To most worshipers, a sense of the divine as an unseen presence behind the visible world is all well and good, but what they really yearn for is a God who acts in the world. Some scientists see an opening for this sort of God at the level of quantum or subatomic events.
In this spooky realm, the behavior of particles is unpredictable. In perhaps the most famous example, a radioactive element might have a half-life of, say, one hour. Half-life means that half of the atoms in a sample will decay in that time; half will not. But what if you have only a single atom? Then, in an hour, it has a 50-50 chance of decaying. And what if the experiment is arranged so that if the atom does decay, it releases poison gas?

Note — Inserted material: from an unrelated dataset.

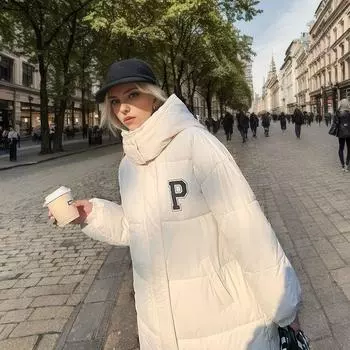- стеганая одежда женская новая стеганая одежда из хлопка средняя и длинная выше колена свободная одежда для хлеба зимняя утолщенная стеганая куртка из хлопка S белый
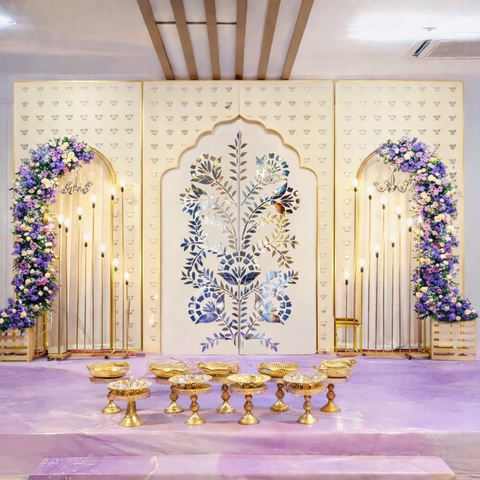 Premium Floral Jharokha Mirror Backdrop (Only Mirror & Stencil) for Wedding  & Event Decor-1449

If you have a cat in the lab, will the cat be alive or dead after the hour is up?
Physicists have discovered that there is no way to determine, even in principle, what the atom would do. Some theologian-scientists see that decision point – will the atom decay or not? will the cat live or die? – as one where God can act. “Quantum mechanics allows us to think of special divine action,” says Russell. Even better, since few scientists abide miracles, God can act without violating the laws of physics.
An even newer science, chaos theory, describes phenomena like the weather and some chemical reactions whose exact outcomes cannot be predicted. It could be, says Polkinghorne, that God selects which possibility becomes reality. This divine action would not violate physical laws either.
Most scientists still park their faith, if they have it, at the laboratory door. But just as belief can find inspiration in science, so scientists can find inspiration in belief. Physicist Mehdi Golshani of Sharif University of Technology in Tehran, drawing from the Koran, believes that natural phenomena are “God’s signs in the universe,” and that studying them is almost a religious obligation. The Koran asks humans to “travel in the earth, then see how He initiated the creation.” Research, Golshani says, “is a worship act, in that it reveals more of the wonders of God’s creation.”
The same strain runs through Judaism. Carl Feit cites Maimonides, “who said that the only pathway to achieve a love of God is by understanding the works of his hand, which is the natural universe. Knowing how the universe functions is crucial to a religious person because this is the world He created.” Feit is hardly alone.